BEGIN
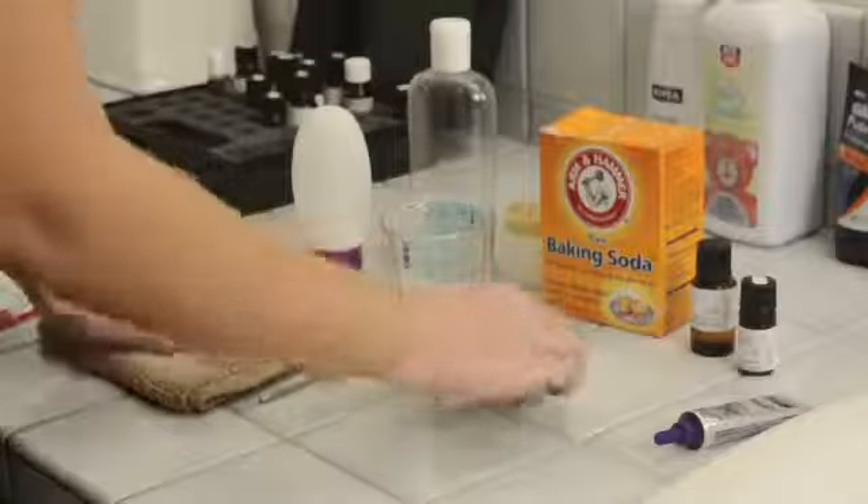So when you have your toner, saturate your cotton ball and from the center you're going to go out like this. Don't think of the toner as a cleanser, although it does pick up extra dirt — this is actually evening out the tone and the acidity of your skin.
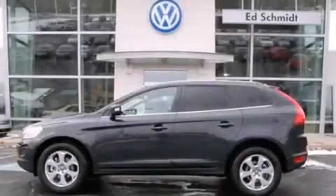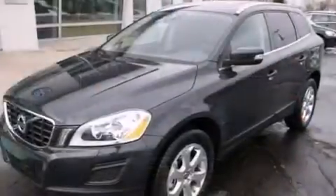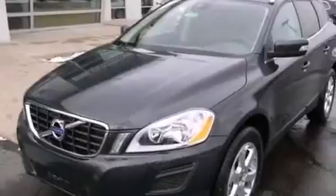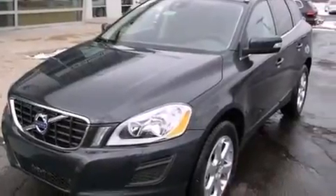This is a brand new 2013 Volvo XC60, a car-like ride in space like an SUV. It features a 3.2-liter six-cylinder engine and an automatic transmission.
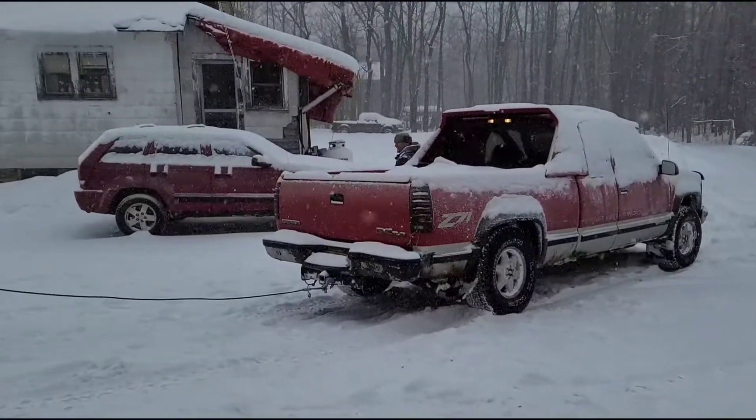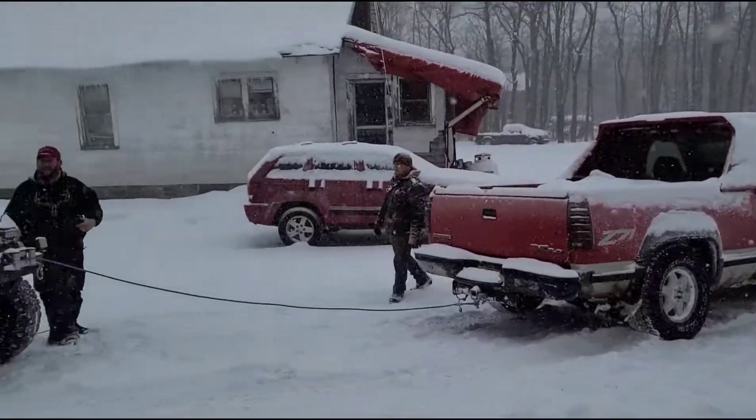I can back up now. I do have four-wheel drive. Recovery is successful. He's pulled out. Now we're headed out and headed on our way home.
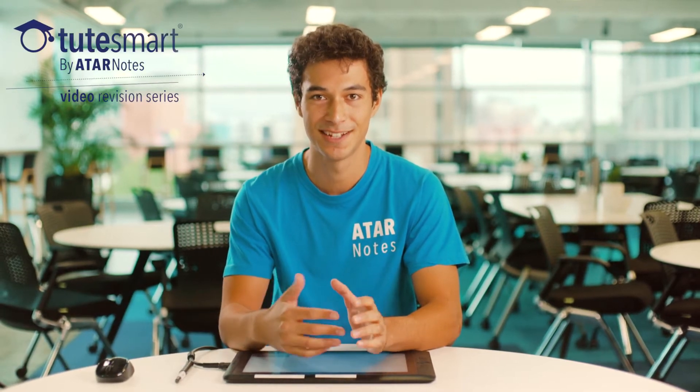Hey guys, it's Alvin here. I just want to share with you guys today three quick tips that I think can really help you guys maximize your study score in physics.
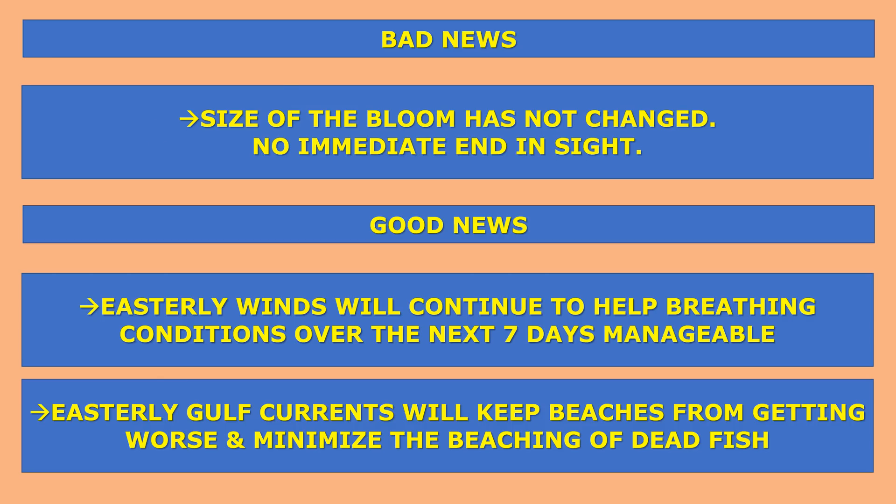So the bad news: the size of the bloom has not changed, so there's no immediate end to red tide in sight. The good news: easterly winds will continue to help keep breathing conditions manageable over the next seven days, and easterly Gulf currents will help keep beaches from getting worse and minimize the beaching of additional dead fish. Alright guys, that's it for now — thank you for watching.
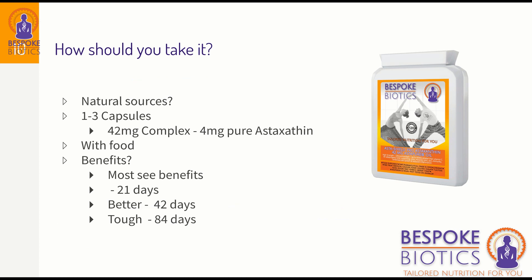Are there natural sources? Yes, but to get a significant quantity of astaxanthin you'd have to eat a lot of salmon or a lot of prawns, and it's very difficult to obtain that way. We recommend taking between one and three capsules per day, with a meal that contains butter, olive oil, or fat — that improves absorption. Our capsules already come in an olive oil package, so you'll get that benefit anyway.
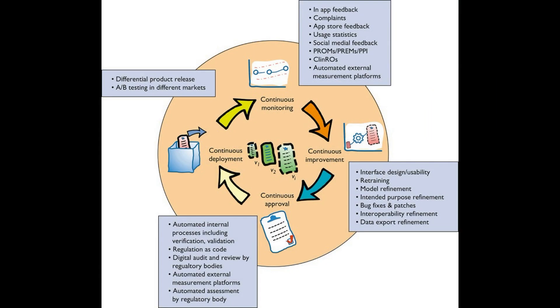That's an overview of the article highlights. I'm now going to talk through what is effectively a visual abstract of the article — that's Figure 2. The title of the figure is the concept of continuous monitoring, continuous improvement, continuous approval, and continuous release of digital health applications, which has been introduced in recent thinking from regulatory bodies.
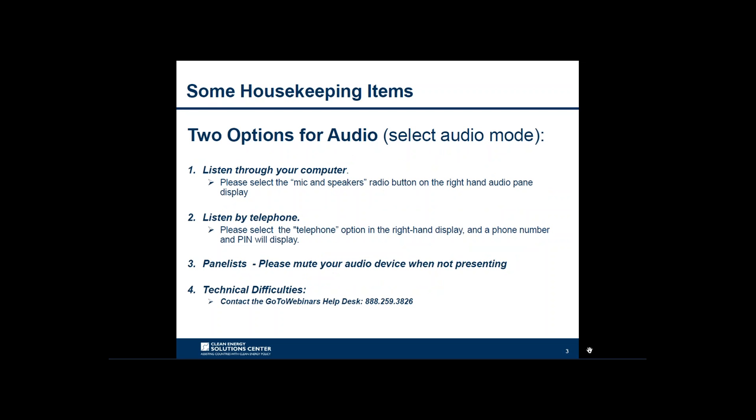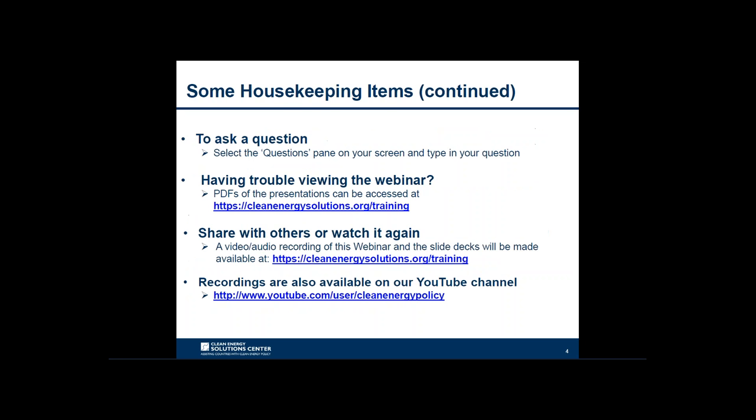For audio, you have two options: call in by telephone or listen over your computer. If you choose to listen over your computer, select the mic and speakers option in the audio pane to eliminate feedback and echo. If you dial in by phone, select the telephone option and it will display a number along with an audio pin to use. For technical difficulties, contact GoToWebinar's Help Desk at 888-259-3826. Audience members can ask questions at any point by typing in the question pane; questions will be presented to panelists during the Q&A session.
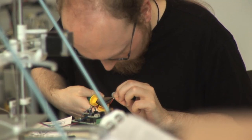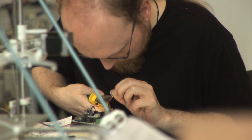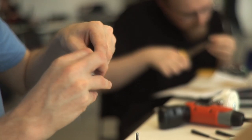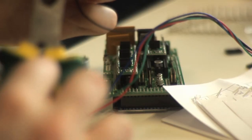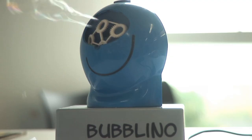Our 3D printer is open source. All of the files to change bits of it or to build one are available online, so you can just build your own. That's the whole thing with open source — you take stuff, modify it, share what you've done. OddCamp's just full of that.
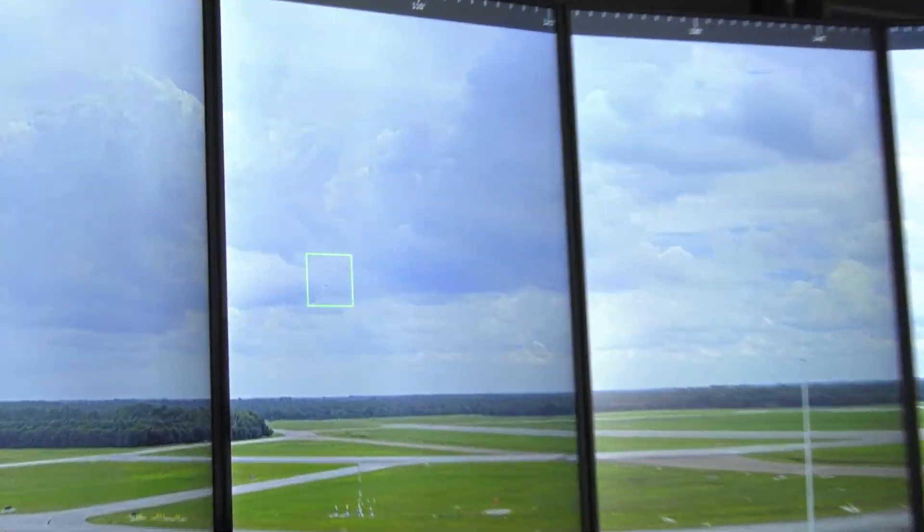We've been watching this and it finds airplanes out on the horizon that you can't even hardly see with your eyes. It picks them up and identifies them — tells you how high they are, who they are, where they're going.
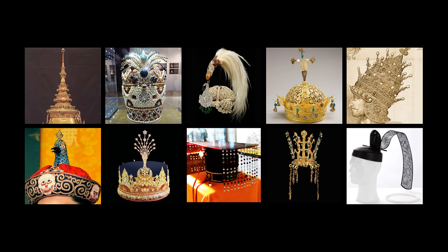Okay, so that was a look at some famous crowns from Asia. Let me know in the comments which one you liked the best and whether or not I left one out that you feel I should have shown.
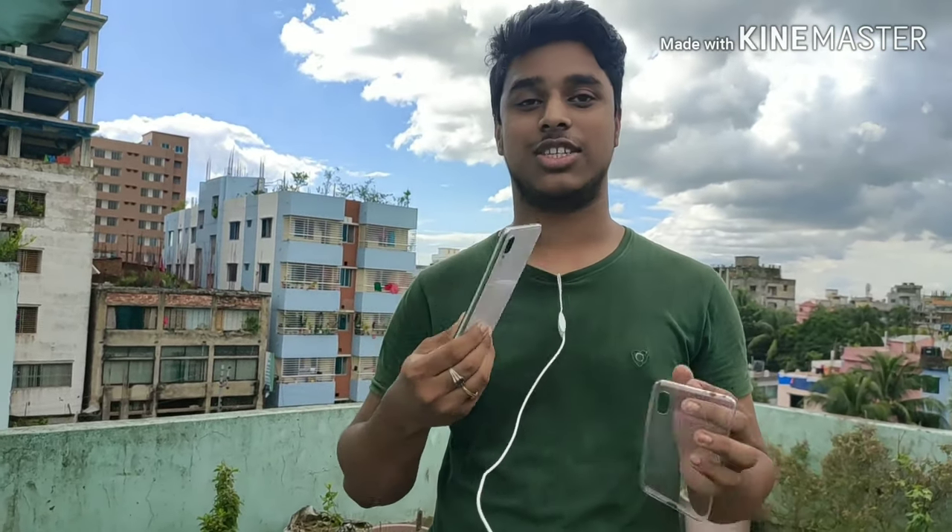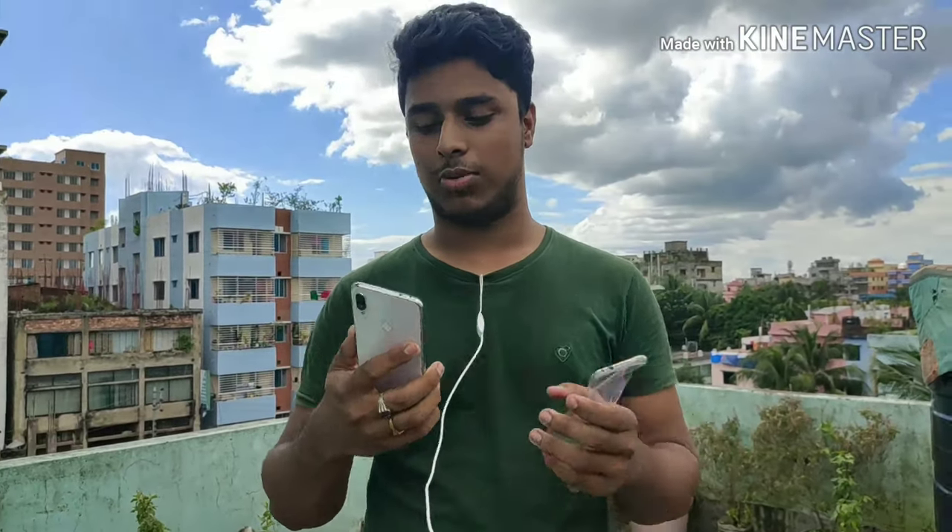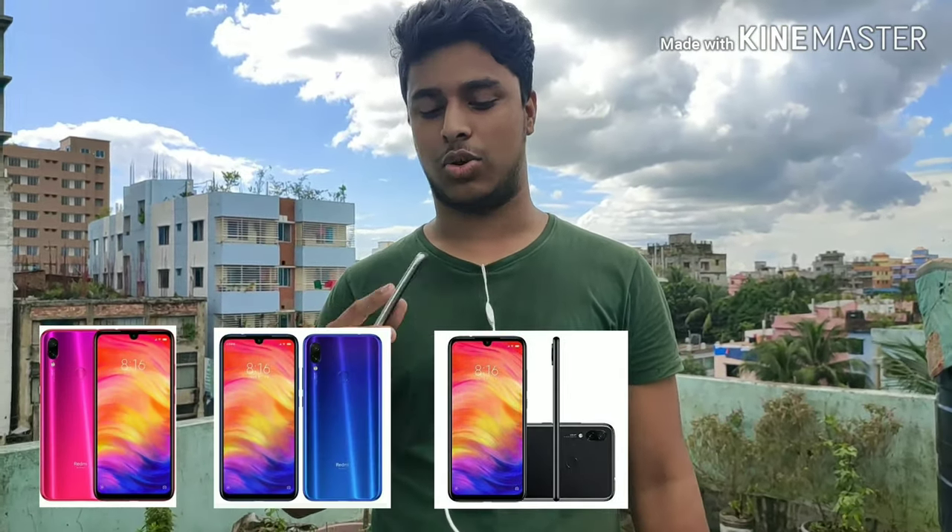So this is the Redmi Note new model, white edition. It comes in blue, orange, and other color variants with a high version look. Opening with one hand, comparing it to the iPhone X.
END
- _What needs to be done_: Within the listing above, the lines starting at the one containing "So the bad news: the" and ending at the one containing "For audio, you" are to be returned exactly. Omit the pictures.

- _Expected answer_:
So the bad news: the size of the bloom has not changed, so there's no immediate end to red tide in sight. The good news: easterly winds will continue to help keep breathing conditions manageable over the next seven days, and easterly Gulf currents will help keep beaches from getting worse and minimize the beaching of additional dead fish. Alright guys, that's it for now — thank you for watching.
Are there natural sources? Yes, but to get a significant quantity of astaxanthin you'd have to eat a lot of salmon or a lot of prawns, and it's very difficult to obtain that way. We recommend taking between one and three capsules per day, with a meal that contains butter, olive oil, or fat — that improves absorption. Our capsules already come in an olive oil package, so you'll get that benefit anyway.
That's an overview of the article highlights. I'm now going to talk through what is effectively a visual abstract of the article — that's Figure 2. The title of the figure is the concept of continuous monitoring, continuous improvement, continuous approval, and continuous release of digital health applications, which has been introduced in recent thinking from regulatory bodies.
For audio, you have two options: call in by telephone or listen over your computer. If you choose to listen over your computer, select the mic and speakers option in the audio pane to eliminate feedback and echo. If you dial in by phone, select the telephone option and it will display a number along with an audio pin to use. For technical difficulties, contact GoToWebinar's Help Desk at 888-259-3826. Audience members can ask questions at any point by typing in the question pane; questions will be presented to panelists during the Q&A session.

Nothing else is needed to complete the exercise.